Task prompt: In the entries below, which lines run from the one with "Indian pale green" through the one with "Josh Brolin in"? Repeat exactly those, both included, and no pictures.

Available data:

<<<<

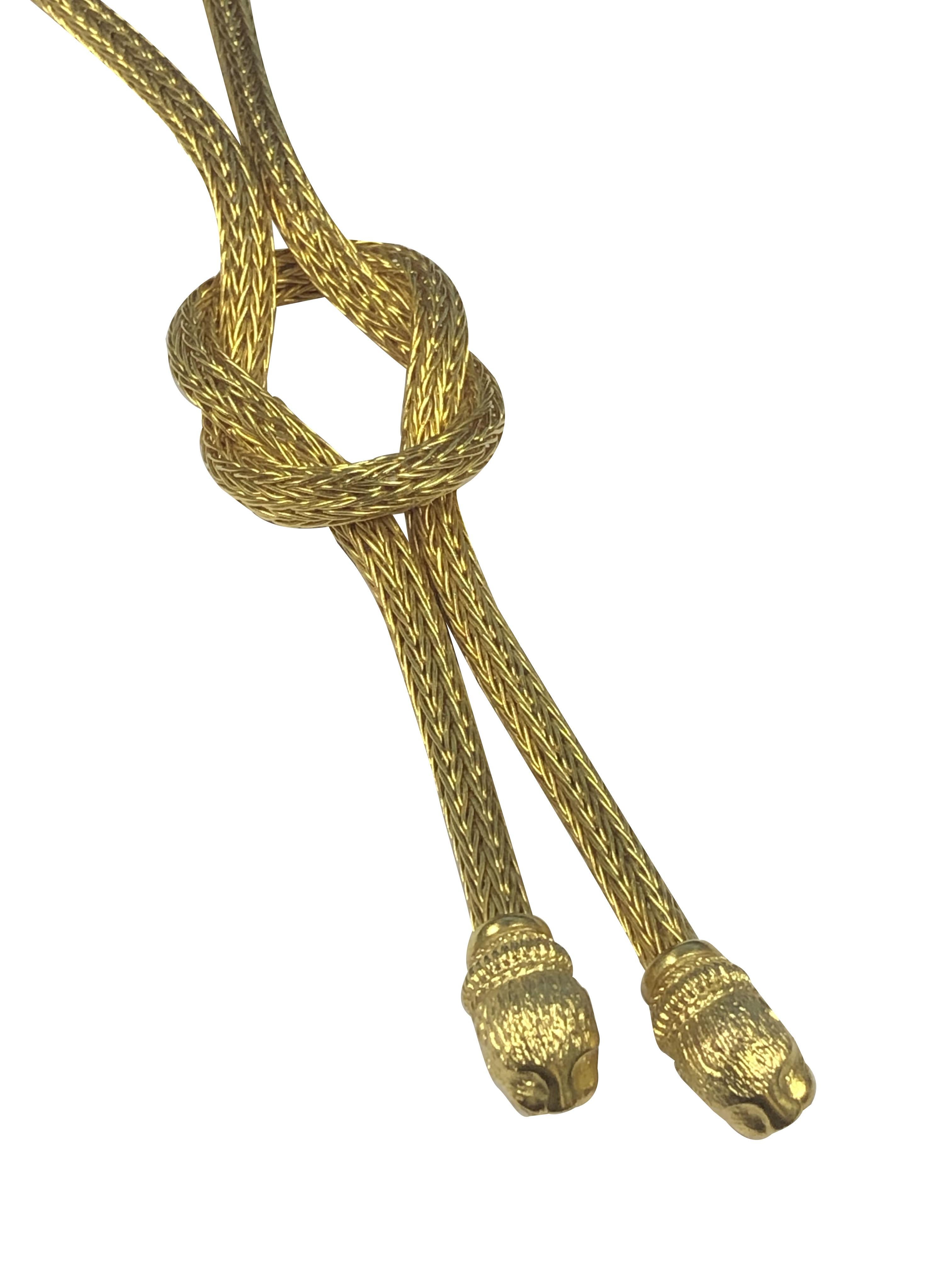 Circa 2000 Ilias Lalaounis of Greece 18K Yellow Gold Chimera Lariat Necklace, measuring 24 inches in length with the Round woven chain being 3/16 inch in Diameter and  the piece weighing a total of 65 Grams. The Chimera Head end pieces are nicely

>>>>
<<<<

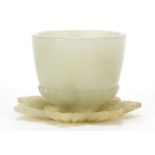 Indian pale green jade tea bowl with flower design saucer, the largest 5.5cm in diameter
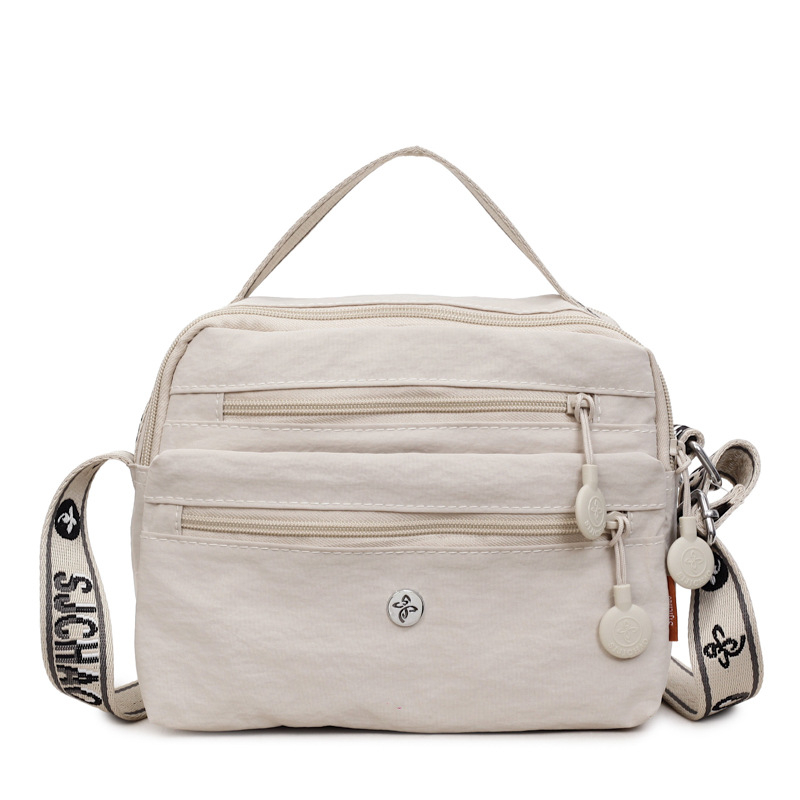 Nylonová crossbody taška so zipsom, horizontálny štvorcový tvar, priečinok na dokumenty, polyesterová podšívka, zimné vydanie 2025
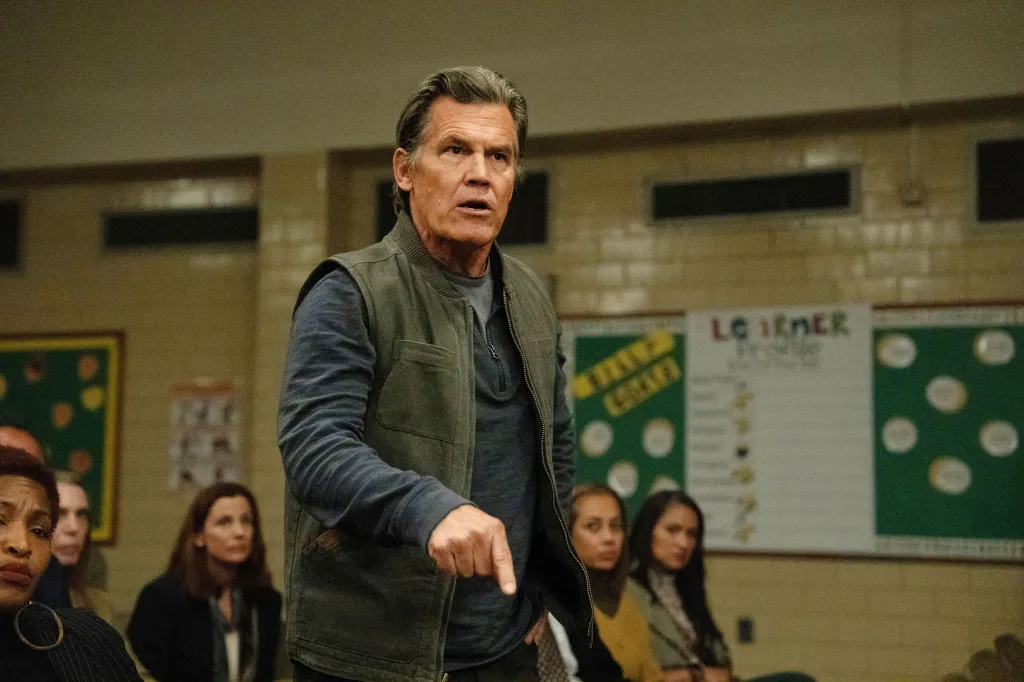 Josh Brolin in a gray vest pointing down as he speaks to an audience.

>>>>

Answer for the task:
 Indian pale green jade tea bowl with flower design saucer, the largest 5.5cm in diameter
 Nylonová crossbody taška so zipsom, horizontálny štvorcový tvar, priečinok na dokumenty, polyesterová podšívka, zimné vydanie 2025
 Josh Brolin in a gray vest pointing down as he speaks to an audience.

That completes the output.